Le rythme plus ample de l'alexandrin ajoute la majesté à la mise au point : non ce monde moderne ne propose que des succédanés de joie ; une gaîté en extraits n'est plus la gaîté. La disproportion tend ici encore à suggérer la différence de niveau ; une façon de décadence produit un changement de nature dans nos sentiments. Certes la nostalgie du beau comme l'antique doit entrer en ligne de compte pour expliquer Péguy ; mais à condition que nul n'y voie une faiblesse dans l'argumentation. Dire : « nostalgie » passe sous silence s'il y a lieu de la ressentir. Un autre accent pascalien, en sourdine pour des raisons métriques – « divertissement » a cinq syllabes – surgit : derrière tous les amusements, seul l'ennui; au fond de l'ennui, la mort seule. Alors l'allégresse (versus la tristesse de même que joie vs peine) fédère les notions de passé, de perte, de beauté. Le poète est à la recherche de la joie perdue. Sive : de l'allégresse – le paradis perdu des sentiments.

C'est donc bien quelque chose que de rajouter « et l'allégresse » à notre joie. La parole ni ne bafouille ni ne redonde. Au commencement était l'allégresse ; aujourd'hui les petits réjouissements ; au jugement... Le poète prophétise dans la Tapisserie de sainte Geneviève (page 870) :

« Les armes de Jésus c'est toute forteresse

Qui tient et c'est la noble et la pure caresse

De la mère à l'enfant et c'est la maladresse

 

De l'homme pas malin et la sourde tendresse

De la mère à la fille afin que reparaisse

En cette enfant naissante une même tendresse

 

Et dans le temps futur une même caresse

Et ce même regard et cette même tresse

Blonde qui fleurira, cette même détresse

 

Qui sera consolée, et cette âme pauvresse

Et dans le dernier temps une même allégresse »

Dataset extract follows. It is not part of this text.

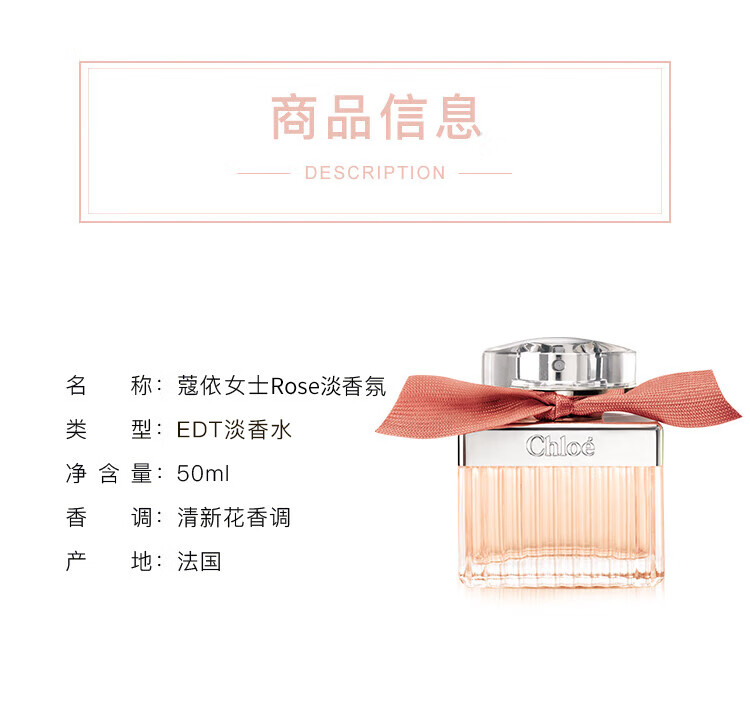 蔻依（Chloe）Rose女士香水50ml 淡香氛 花香调 清新持久 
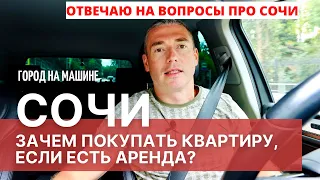 Зачем покупать квартиру в Сочи, лучше аренда?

Ce tableau généalogique des saintes familles déborde largement les cadres métrique et strophique: Jésus combat en puissance et parle déjà par les enfants. Remarquons que toutes les rimes annoncent l'allégresse commune, ainsi que la succession quasi-évangélique des générations promet la parousie. Pour Péguy, au jugement sera l'allégresse. De l'allégresse principielle à l'allégresse dernière le fil ténu de la joie témoigne dans nos vies de l'autre sens de la suite de nos joies et peines : transcendant. Une naissance d'enfant illustre justement le lien entre l'ordre temporel et le spirituel. N'ayons pas de remords à vivre joyeux et dans la Joie à la fois pour Noël, même si la « dernière » seule vaut. La joie, c'est par où nous participons à l'allégresse divine. La joie est un en-cas pour Péguy. « Le monde est ce qui est le cas » – ajoute Wittgenstein ; donc soyez dans la joie et vous serez dans l'allégresse.

 

R.V.

 

Article paru dans un numéro de Sénevé.